Feng Gong, He Na, Xia Harry Hua-Xiang, Mi Man, Wang Ke, Byrne Christopher D, Targher Giovanni, Yuan Hai-Yang, Zhang Xin-Lei, Zheng Ming-Hua, Ye Feng
The First Affiliated Hospital of Xi'an Jiaotong University, Xi'an, China.
The First Affiliated Hospital of Xi'an Medical University, Xi'an, China.
J Gastroenterol Hepatol. 2022 Nov;37(11):2145-2153. doi: 10.1111/jgh.15940. Epub 2022 Jul 17.
Over 10% of hepatocellular carcinoma (HCC) cases recur each year, even after surgical resection. Currently, there is a lack of knowledge about the causes of recurrence and the effective prevention. Prediction of HCC recurrence requires diagnostic markers endowed with high sensitivity and specificity.
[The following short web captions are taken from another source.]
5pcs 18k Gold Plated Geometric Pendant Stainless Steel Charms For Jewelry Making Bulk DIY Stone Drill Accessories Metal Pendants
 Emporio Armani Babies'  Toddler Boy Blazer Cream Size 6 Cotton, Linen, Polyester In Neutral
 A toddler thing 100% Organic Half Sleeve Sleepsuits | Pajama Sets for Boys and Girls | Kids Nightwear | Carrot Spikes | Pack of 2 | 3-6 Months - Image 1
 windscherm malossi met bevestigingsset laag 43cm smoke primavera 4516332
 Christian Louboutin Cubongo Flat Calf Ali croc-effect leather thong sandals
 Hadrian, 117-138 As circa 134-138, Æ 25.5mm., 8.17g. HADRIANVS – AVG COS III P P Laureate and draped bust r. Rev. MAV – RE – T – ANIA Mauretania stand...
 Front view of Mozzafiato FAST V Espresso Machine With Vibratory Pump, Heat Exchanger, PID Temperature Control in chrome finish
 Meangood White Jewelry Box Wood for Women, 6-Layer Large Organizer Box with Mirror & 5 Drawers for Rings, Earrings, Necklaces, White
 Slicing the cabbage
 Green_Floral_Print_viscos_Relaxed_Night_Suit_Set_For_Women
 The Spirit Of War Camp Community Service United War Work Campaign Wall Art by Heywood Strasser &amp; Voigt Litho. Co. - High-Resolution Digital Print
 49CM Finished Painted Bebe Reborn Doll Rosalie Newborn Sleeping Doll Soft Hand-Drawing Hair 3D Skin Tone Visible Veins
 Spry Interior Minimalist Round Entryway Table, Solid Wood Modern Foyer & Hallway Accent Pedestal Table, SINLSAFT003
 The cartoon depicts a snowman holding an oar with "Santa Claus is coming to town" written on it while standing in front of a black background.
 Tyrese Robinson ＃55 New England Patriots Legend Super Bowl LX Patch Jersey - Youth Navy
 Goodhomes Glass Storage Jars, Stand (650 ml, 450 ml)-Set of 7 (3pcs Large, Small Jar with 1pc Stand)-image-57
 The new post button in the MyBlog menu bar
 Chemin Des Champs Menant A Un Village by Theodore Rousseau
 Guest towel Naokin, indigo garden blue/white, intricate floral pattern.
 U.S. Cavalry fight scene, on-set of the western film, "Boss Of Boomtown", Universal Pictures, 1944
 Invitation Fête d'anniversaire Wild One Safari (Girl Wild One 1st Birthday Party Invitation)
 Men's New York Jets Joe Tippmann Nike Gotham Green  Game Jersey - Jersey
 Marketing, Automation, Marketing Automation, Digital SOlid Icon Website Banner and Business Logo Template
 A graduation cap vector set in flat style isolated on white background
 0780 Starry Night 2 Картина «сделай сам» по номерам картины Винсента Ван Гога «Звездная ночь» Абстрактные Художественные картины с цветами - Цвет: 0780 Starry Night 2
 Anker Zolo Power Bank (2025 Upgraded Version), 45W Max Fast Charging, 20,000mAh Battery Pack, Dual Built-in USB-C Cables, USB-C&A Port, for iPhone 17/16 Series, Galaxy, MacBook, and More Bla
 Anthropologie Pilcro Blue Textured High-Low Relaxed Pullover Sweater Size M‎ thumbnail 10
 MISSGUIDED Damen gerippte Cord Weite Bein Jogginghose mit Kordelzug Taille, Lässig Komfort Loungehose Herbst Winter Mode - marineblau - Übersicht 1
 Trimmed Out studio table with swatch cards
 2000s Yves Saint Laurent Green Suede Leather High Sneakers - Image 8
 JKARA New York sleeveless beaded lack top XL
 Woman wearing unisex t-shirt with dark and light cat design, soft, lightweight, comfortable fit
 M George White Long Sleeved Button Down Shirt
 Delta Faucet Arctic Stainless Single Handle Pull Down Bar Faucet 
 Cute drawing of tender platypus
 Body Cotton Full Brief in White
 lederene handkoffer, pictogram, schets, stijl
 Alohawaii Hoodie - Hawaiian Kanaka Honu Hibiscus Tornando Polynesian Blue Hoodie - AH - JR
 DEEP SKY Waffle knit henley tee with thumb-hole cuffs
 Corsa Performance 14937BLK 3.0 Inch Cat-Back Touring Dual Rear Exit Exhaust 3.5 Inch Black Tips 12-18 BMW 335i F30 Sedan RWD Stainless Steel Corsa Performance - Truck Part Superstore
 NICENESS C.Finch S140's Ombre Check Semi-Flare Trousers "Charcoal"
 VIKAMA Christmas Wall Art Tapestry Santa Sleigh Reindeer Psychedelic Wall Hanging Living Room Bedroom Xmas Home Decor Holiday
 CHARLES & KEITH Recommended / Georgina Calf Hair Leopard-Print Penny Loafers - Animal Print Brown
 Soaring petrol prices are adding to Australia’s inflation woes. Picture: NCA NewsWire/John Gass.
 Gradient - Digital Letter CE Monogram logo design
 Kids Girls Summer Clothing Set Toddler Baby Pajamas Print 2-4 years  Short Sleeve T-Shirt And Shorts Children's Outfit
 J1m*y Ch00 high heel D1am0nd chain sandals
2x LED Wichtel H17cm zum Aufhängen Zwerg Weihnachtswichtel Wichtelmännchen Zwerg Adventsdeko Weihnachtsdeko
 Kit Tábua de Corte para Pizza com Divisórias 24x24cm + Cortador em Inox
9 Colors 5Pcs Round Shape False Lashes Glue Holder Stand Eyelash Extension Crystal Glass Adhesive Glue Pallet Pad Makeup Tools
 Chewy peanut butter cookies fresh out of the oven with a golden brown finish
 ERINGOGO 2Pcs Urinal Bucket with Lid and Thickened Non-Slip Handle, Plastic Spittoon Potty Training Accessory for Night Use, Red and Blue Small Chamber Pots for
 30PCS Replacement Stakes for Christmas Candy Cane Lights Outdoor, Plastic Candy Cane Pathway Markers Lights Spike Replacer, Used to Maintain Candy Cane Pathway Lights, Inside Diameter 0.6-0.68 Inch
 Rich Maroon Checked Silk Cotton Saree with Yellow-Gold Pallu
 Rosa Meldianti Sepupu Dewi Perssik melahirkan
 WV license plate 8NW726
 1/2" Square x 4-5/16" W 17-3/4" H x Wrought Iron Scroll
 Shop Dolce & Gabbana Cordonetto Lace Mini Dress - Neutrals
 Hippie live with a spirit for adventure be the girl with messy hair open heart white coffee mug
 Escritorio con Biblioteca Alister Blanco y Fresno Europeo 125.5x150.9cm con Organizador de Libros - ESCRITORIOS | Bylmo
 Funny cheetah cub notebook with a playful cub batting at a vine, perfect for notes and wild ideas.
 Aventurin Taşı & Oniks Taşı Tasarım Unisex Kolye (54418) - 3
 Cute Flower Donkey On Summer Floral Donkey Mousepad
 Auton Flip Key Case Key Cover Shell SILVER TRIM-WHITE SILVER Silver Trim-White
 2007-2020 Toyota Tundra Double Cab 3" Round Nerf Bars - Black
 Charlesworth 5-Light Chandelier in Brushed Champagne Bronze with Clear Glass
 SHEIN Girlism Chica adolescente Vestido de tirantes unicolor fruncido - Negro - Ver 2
This study aims to identify new key proteins for HCC recurrence and to build machine learning algorithms for predicting HCC recurrence.
The proteomics data for analysis in this study were obtained from the Clinical Proteomics Tumor Analysis Consortium (CPTAC) database. We analyzed different proteins based on cases with or without recurrence of HCC. Survival analysis, Cox regression analysis, and area under the ROC curves (AUROC > 0.7) were used to screen for more significant differential proteins. Predictive models for HCC recurrence were developed using four machine learning algorithms.
A total of 690 differentially expressed proteins between 50 relapsed and 77 non-relapsed hepatitis B-related HCC patients were identified. Seven of these proteins had an AUROC > 0.7 for 5-year survival in HCC, including BAHCC1, ESF1, RAP1GAP, RUFY1, SCAMP3, STK3, and TMEM230. Among the machine learning algorithms, the random forest algorithm showed the highest AUROC values (AUROC: 0.991, 95% CI 0.962-0.999) for identifying HCC recurrence, followed by the support vector machine (AUROC: 0.893, 95% Cl 0.824-0.956), the logistic regression (AUROC: 0.774, 95% Cl 0.672-0.868), and the multi-layer perceptron algorithm (AUROC: 0.571, 95% Cl 0.459-0.682).
Our study identifies seven novel proteins for predicting HCC recurrence and the random forest algorithm as the most suitable predictive model for HCC recurrence.
每年超过10%的肝细胞癌(HCC)病例会复发,即使在手术切除后也是如此。目前,对于复发原因及有效预防措施尚缺乏了解。预测HCC复发需要具有高灵敏度和特异性的诊断标志物。本研究旨在识别HCC复发的新关键蛋白,并构建用于预测HCC复发的机器学习算法。
本研究中用于分析的蛋白质组学数据来自临床蛋白质组肿瘤分析联盟(CPTAC)数据库。我们根据HCC有无复发情况分析不同的蛋白质。采用生存分析、Cox回归分析和ROC曲线下面积(AUROC>0.7)来筛选更显著的差异蛋白。使用四种机器学习算法开发HCC复发的预测模型。
在50例复发和77例未复发的乙型肝炎相关HCC患者之间共鉴定出690种差异表达蛋白。其中7种蛋白在HCC患者5年生存中的AUROC>0.7,包括BAHCC1、ESF1、RAP1GAP、RUFY1、SCAMP3、STK3和TMEM230。在机器学习算法中,随机森林算法在识别HCC复发方面显示出最高的AUROC值(AUROC:0.991,95%CI 0.962 - 0.999),其次是支持向量机(AUROC:0.893,95%Cl 0.824 - 0.956)、逻辑回归(AUROC:0.774,95%Cl 0.672 - 0.868)和多层感知器算法(AUROC:0.571,95%Cl 0.459 - 0.682)。
我们的研究识别出7种预测HCC复发的新蛋白,且随机森林算法是最适合HCC复发的预测模型。